CP: Pois é… infelizmente fazemos parte desse cenário triste de violência. Eu, graças a Deus nunca passei por situações de violência, mas tenho certeza que todas as mães, inclusive a minha, tinham e tem essa preocupação com relação a violência, que a cada dia aumenta de maneira desrespeitosa. E isso acontece apesar de todas as manifestações, de todas as militâncias, de tantas pessoas que lutam pela igualdade dos direitos humanos. É importante que todos tenhamos essa sensibilidade de ver que nós precisamos de segurança pública, segurança nos nossos ambientes, precisamos de segurança na nossa história. Infelizmente é muito triste fazermos parte de uma estatística que tanto nos entristece.

DTAlcione é uma referência muito forte no seu trabalho, eu comecei a ouvir Alcione a partir das suas apresentações. Como é feita a escolha do seu repertório?

CP: Eu tenho três divas que para smim são referência, um ponto de partida, que fizeram meu crescimento profissional, que contribuíram para o meu desenvolvimento. São, justamente, Alcione, principalmente com a músicas A Loba e Além da Cama. Alcione tem o dom e a magia da interpretação, de falar do sentimento através da canção. Outra referência para mim é a cantora Whitney Houston, que, inclusive, fui consagrada como cover dessa grande artista e minha terceira diva, que sou apaixonada, que é Cátia Guimma. Ela tem uma canção chamada Razão de Viver que relata toda a história da minha vida.

DTCamila, quais são seus projetos para 2024?

CP: Além de meus compromissos artísticos e com o axé, também faço parte do cenário político. Já fui candidata a deputada federal, vereadora e agora através do Partido Verde (PV), do qual faço parte e sou Secretária dos Direitos Humanos, estamos cogitando minha candidatura nas eleições de 2024.  Eu tenho um projeto lindo, que já foi, inclusive, iniciado na questão jurídica, de documentação…ele consiste na criação de um instituto chamado Casa Rosa que servirá para acolhimento a todo público LGBTQIAPN+. Nossa intenção é acolher de maneira prática essa comunidade, dando dormida, alimentação e  promovendo cursos preparatórios para sua inserção no mercado de trabalho. Para mim, isso é mais que um projeto: é um sonho, grande, mas não impossível. O público LGBTQIAPN+ precisa desse acolhimento e esse suporte é necessário.
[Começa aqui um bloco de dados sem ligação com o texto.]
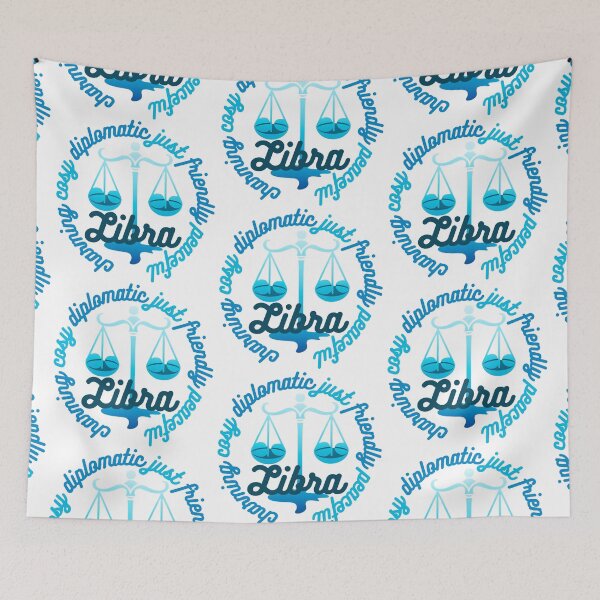 Item preview, Libra – Balanced, Charming & Just Zodiac Design designed and sold by Ink on Thread.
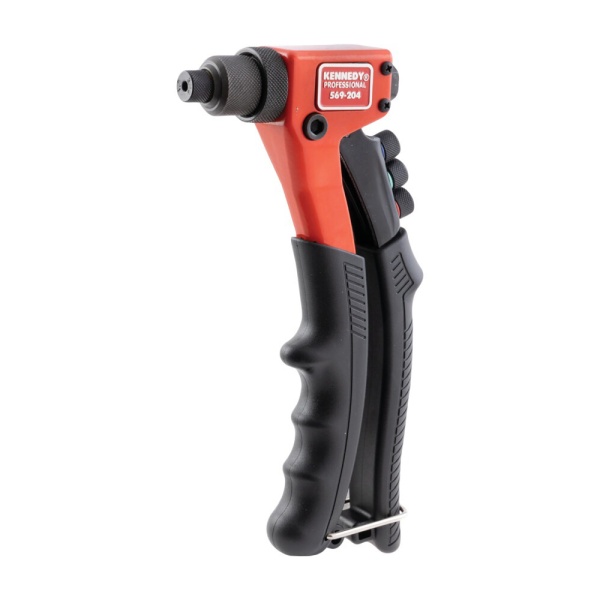 Heavy-Duty Steel Hand Riveter with Quick-Change Nozzles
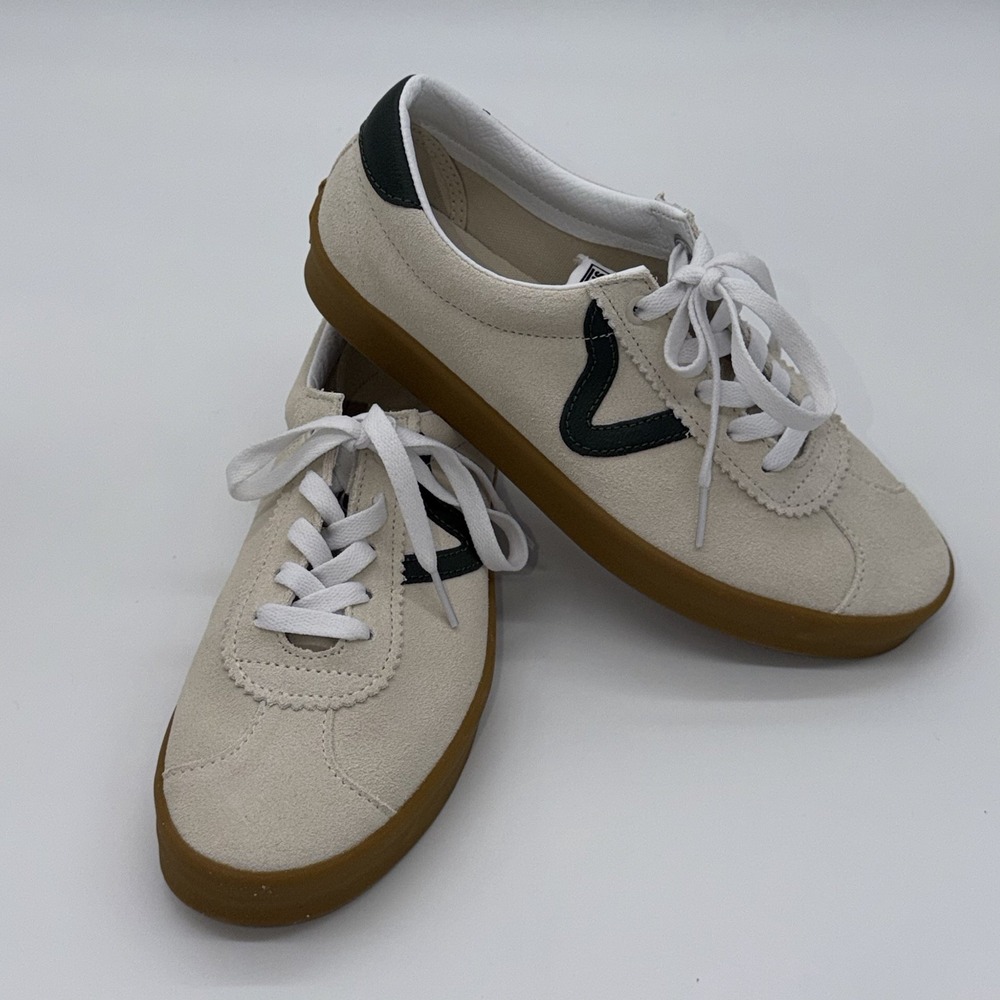 NEW VANS Sport Low Gum Turtle Dove Suede Women's 8.5 Men's 7 VN000D1P89F US - Picture 13 of 16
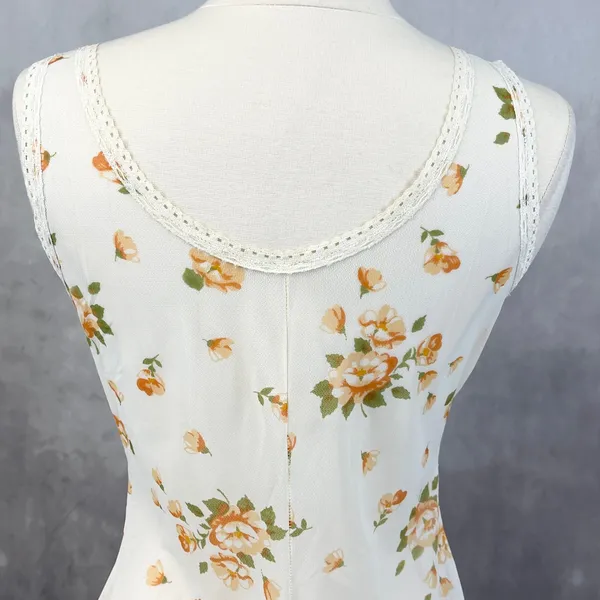 Womens‎ Floral Slip Dress Small Babydoll Cottagecore Coquette Y2K Romantic - Image 7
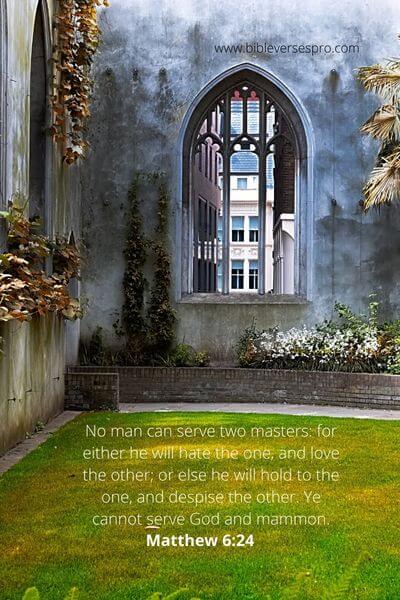 Matthew 6_24 - Be On Guard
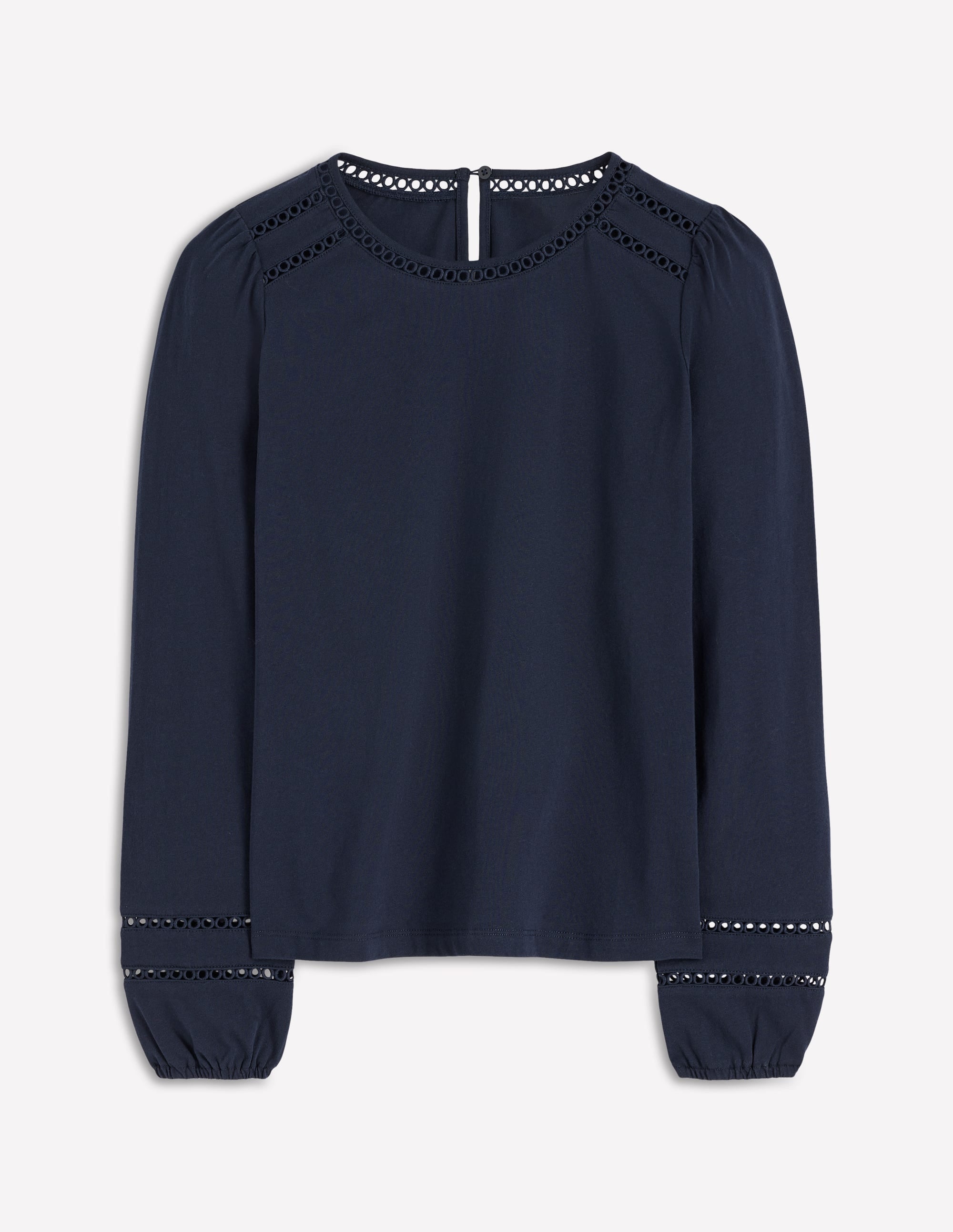 Flo Trim Detail Top-Navy - Image 4
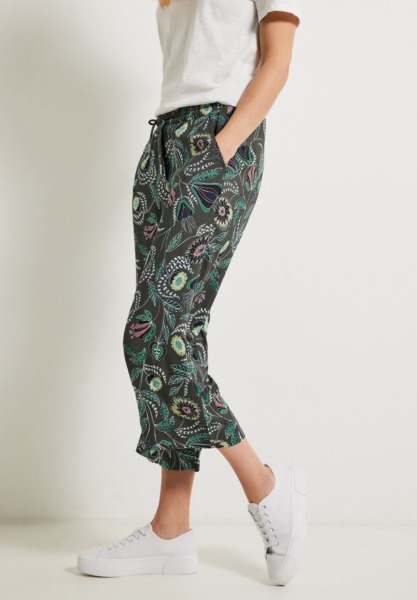 Cecil - Trousers Green Woman GOOFASH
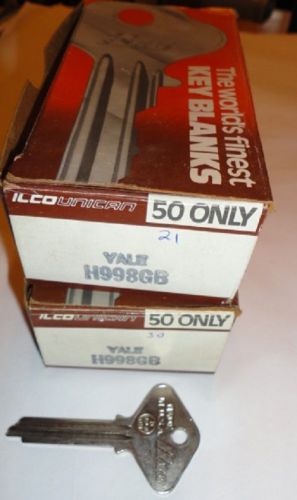 51 new ilco key blanks yale h998gb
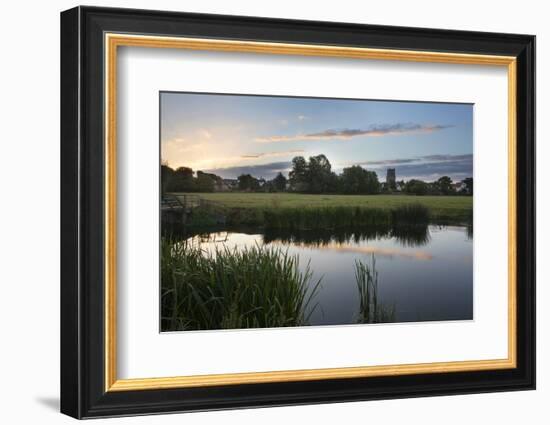 Sudbury Water Meadows at Dawn, Sudbury, Suffolk, England, United Kingdom, Europe-Mark Sunderland-Framed Photographic Print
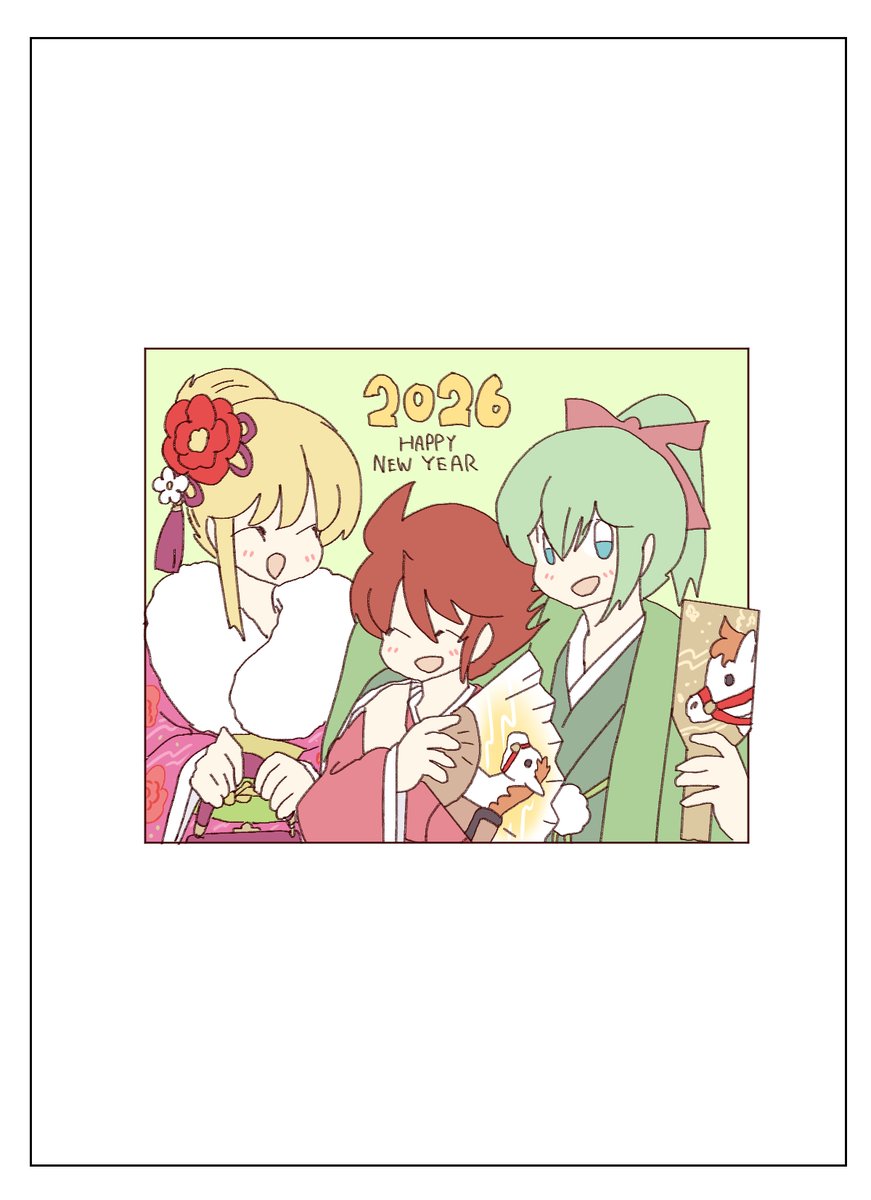 griede1's tweet photo. @hien_knmr こんな素敵なイラスト
お正月早々すごく胸いっぱい嬉しかったよ！
去年もいっぱい可愛いイラスト描いてくれて
大事にとってあります
今年もよろしくね！ https://t.co/3jRjwzD5uq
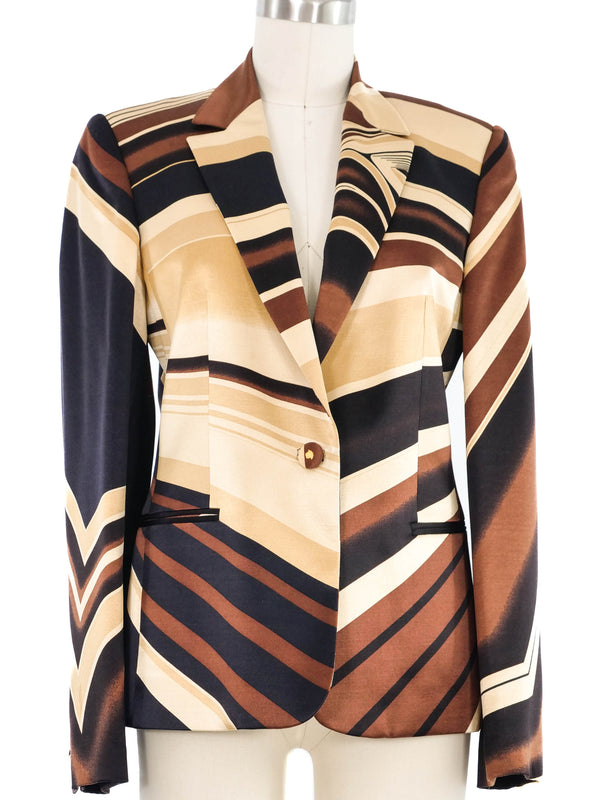 Gianni Versace Melting Stripe Satin Jacket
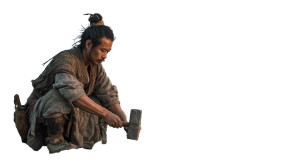 Tang Dynasty Laborer Vinyl Car Decal Sticker – Waterproof & UV-Resistant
DT:   Quem quiser assistir aos seus shows, por onde você tem se apresentado?

CP: Eu hoje não tenho pauta fixa em nenhuma casa, mas atendo a convites, a exemplo do Clube 11, do Carmem… são duas casas que sempre me convidam. Além de receber convites para eventos fechados. Devido ao meu trabalho, o tempo está sempre curto.

DT: E tem as Paradas…

CP: Sim, aproveitando para registrar  que na mais recente parada eu tive a oportunidade de colocar um trio, chamado África de Todas as Cores, que foi um sucesso e já fizemos o pré-lançamento do nosso tema para 2024 que será o Trio Camila Parker em Uma Noite em Las Vegas, já estamos trabalhando nesse projeto.